Cape Girardeau, Missouri - Historic Landmarks and Related Sites

Historic Landmarks and Related Sites

Numerous murals commemorate the city's history. The largest and perhaps most dramatic is the Mississippi River Tales Mural, located on the city's downtown floodwall. Covering nearly 18,000 square feet (1,700 m2), it spans the length of the downtown shopping district and features 24 panels. Behind the floodwall lies the Riverfront Park of Cape Girardeau Missouri, where riverboats dock and visitors can view the lazy Mississippi River.

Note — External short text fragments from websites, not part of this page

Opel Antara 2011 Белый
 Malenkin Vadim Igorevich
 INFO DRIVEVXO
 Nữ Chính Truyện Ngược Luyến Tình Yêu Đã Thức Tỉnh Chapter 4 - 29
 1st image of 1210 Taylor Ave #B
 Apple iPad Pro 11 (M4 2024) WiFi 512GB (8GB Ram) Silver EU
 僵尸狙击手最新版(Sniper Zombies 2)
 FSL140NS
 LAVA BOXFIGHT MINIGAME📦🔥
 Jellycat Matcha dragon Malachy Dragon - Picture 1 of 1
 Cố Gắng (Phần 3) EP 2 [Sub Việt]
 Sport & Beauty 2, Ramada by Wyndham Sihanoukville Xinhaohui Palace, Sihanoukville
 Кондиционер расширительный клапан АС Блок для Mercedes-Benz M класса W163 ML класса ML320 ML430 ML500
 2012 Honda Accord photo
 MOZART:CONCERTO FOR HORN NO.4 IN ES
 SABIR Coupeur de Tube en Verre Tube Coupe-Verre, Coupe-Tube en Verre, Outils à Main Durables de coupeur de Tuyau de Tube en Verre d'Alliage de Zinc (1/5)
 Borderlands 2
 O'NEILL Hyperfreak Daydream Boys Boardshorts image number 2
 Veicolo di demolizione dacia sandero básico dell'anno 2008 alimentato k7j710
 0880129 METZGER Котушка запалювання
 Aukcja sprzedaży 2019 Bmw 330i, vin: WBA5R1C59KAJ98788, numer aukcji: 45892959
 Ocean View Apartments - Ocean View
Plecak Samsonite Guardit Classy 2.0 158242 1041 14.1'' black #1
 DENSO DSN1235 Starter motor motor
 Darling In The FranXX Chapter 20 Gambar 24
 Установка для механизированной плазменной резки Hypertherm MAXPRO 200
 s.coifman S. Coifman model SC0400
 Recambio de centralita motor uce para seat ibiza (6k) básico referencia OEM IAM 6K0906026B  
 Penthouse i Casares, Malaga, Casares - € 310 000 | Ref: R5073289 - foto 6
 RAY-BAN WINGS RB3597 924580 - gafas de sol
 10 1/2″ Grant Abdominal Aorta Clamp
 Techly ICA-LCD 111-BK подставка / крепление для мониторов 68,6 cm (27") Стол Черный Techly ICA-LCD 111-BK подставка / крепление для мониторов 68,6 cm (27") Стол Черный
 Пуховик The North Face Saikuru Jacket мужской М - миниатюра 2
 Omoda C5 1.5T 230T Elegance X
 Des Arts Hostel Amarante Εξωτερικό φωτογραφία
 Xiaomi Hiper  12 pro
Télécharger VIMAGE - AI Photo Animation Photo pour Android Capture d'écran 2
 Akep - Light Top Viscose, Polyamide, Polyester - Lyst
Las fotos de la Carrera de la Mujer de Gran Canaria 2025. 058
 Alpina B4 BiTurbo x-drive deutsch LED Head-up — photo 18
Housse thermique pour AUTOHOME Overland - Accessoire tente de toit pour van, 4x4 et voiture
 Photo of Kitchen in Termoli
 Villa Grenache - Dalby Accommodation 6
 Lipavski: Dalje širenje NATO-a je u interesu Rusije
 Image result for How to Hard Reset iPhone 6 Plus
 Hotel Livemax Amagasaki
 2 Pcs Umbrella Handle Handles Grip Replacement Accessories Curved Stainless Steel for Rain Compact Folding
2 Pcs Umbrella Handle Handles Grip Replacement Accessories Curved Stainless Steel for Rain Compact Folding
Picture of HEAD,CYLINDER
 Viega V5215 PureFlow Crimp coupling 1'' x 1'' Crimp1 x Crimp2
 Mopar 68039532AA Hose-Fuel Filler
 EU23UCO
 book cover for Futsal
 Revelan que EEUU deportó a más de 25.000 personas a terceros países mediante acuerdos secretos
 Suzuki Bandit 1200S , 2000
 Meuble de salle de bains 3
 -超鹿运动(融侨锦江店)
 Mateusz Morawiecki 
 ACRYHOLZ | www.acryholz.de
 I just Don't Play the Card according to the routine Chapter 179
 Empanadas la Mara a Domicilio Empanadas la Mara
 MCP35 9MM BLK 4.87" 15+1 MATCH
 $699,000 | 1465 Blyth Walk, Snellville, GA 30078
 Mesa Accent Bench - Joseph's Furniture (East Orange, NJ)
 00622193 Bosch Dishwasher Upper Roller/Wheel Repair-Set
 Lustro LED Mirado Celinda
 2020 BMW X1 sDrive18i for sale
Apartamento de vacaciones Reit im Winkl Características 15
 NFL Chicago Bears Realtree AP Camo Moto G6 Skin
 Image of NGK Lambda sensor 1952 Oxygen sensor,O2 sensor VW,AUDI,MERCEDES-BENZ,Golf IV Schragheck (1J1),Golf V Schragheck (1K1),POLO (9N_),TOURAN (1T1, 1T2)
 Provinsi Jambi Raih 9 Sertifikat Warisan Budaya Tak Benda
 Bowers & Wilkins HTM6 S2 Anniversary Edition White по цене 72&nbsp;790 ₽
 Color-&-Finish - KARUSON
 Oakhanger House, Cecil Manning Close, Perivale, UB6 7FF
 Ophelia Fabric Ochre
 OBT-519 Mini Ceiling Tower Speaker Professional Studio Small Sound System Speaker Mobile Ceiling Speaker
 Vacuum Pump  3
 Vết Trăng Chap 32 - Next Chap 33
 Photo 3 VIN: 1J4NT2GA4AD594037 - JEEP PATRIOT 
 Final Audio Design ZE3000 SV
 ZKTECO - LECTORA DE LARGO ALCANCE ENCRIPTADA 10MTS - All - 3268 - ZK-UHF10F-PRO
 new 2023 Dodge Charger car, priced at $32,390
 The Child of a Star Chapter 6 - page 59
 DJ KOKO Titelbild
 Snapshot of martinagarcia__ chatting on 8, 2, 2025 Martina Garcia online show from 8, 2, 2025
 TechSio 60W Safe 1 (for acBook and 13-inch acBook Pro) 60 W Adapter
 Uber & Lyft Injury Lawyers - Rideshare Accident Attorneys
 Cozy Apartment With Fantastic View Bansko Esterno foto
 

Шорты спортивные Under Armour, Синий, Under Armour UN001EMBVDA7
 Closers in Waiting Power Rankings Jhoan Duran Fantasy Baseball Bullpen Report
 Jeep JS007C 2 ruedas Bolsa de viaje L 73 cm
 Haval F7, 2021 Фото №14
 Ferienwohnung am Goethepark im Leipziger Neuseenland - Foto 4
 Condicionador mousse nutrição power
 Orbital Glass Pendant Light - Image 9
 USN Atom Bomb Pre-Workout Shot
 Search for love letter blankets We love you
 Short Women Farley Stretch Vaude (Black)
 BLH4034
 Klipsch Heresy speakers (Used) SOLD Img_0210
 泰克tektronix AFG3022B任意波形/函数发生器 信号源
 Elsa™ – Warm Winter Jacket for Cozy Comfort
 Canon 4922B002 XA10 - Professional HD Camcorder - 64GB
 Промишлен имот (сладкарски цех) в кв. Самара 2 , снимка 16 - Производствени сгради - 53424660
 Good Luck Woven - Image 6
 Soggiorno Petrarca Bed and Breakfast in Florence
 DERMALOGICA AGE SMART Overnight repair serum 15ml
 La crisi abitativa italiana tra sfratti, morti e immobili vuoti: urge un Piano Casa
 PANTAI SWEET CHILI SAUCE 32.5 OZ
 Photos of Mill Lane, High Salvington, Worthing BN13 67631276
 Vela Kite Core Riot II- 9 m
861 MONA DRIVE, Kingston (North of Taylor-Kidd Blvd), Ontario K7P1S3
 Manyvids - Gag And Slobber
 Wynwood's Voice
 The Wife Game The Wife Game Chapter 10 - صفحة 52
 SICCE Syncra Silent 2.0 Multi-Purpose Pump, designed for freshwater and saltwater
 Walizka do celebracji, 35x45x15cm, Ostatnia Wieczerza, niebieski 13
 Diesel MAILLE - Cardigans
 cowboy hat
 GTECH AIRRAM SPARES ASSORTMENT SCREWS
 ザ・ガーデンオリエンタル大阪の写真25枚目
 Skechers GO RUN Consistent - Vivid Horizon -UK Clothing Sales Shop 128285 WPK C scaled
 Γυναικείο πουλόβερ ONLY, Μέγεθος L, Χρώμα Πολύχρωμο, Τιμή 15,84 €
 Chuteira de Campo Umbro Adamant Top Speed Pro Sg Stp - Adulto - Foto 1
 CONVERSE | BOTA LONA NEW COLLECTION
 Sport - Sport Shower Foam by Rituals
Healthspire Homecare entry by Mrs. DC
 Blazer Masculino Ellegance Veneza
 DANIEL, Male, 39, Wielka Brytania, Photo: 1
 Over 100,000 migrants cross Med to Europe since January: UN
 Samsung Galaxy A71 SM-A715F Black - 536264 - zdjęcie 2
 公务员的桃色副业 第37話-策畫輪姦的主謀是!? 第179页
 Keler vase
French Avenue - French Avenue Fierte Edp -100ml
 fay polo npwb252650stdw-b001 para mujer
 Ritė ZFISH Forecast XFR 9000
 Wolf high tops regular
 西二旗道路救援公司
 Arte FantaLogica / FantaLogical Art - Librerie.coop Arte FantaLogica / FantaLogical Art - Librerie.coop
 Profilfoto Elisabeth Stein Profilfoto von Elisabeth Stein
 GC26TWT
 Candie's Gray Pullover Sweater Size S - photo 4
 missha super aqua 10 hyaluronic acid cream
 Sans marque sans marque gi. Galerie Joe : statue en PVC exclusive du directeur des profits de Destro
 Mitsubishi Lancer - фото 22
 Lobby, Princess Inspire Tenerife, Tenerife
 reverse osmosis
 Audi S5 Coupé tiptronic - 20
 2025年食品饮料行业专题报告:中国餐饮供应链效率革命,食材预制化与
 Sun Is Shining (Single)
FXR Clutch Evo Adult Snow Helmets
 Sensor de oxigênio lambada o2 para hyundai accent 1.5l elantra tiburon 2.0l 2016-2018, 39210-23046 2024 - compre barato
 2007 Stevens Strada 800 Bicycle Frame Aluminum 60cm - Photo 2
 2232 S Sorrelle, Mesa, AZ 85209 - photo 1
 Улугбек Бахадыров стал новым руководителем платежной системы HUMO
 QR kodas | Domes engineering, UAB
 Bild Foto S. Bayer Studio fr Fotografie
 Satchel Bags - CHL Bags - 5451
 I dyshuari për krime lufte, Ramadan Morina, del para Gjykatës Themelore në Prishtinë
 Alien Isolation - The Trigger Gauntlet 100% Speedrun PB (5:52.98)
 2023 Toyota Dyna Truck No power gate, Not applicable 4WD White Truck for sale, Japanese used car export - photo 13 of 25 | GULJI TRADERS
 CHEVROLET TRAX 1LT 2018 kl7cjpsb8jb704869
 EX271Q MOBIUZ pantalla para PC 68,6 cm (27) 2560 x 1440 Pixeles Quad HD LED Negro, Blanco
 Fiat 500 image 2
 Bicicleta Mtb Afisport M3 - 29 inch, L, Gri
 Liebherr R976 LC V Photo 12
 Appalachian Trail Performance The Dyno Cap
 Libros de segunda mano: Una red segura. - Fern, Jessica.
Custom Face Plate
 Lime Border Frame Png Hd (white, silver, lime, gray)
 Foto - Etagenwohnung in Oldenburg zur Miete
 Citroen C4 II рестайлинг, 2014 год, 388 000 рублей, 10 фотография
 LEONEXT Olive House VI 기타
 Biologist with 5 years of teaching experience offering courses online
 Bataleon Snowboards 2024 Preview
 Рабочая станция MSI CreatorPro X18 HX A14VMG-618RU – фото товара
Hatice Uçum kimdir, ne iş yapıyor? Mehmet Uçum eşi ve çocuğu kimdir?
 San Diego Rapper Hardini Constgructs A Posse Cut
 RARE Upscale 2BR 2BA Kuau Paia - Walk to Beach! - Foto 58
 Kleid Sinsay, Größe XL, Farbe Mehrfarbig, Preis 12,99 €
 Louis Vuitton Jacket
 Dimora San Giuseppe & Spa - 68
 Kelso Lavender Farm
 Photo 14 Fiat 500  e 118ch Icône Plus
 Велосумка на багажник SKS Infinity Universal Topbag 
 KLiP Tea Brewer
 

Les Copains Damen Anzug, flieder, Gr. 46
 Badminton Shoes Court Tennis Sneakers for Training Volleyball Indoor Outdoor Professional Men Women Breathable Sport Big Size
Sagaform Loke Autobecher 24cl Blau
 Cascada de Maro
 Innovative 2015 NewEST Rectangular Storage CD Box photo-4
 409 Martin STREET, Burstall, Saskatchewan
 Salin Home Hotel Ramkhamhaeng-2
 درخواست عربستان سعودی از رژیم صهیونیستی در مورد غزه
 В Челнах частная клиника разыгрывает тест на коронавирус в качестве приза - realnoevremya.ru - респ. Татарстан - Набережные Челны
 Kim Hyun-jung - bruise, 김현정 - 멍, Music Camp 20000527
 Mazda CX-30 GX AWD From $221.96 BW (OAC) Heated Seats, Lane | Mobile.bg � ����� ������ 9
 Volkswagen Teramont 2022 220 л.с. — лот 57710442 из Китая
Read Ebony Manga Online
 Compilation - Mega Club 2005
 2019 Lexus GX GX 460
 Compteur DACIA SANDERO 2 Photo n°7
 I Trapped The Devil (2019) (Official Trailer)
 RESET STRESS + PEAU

There are 39 historic sites in Cape Girardeau that are listed on the National Register of Historic Places. Of these, eight are historic districts, such as Cape Girardeau Commercial Historic District, which was listed in 2000 and includes multiple contributing properties. The growth of the town can be documented through Sanborn Maps, over 80 of which are available online. Other landmarks include the Fort D Historic Site and the Confederate War Memorial. Among the city's older cemeteries are Apple Creek Cemetery, Salem Cemetery, and Old Lorimier Cemetery and

Read more about this topic:  Cape Girardeau, Missouri

Famous quotes containing the words historic, landmarks and/or related:

    If there is any period one would desire to be born in, is it not the age of Revolution; when the old and the new stand side by side, and admit of being compared; when the energies of all men are searched by fear and by hope; when the historic glories of the old can be compensated by the rich possibilities of the new era?
    Ralph Waldo Emerson (1803–1882)

    The lives of happy people are dense with their own doings—crowded, active, thick.... But the sorrowing are nomads, on a plain with few landmarks and no boundaries; sorrow’s horizons are vague and its demands are few.
    Larry McMurtry (b. 1936)

    The near explains the far. The drop is a small ocean. A man is related to all nature. This perception of the worth of the vulgar is fruitful in discoveries. Goethe, in this very thing the most modern of the moderns, has shown us, as none ever did, the genius of the ancients.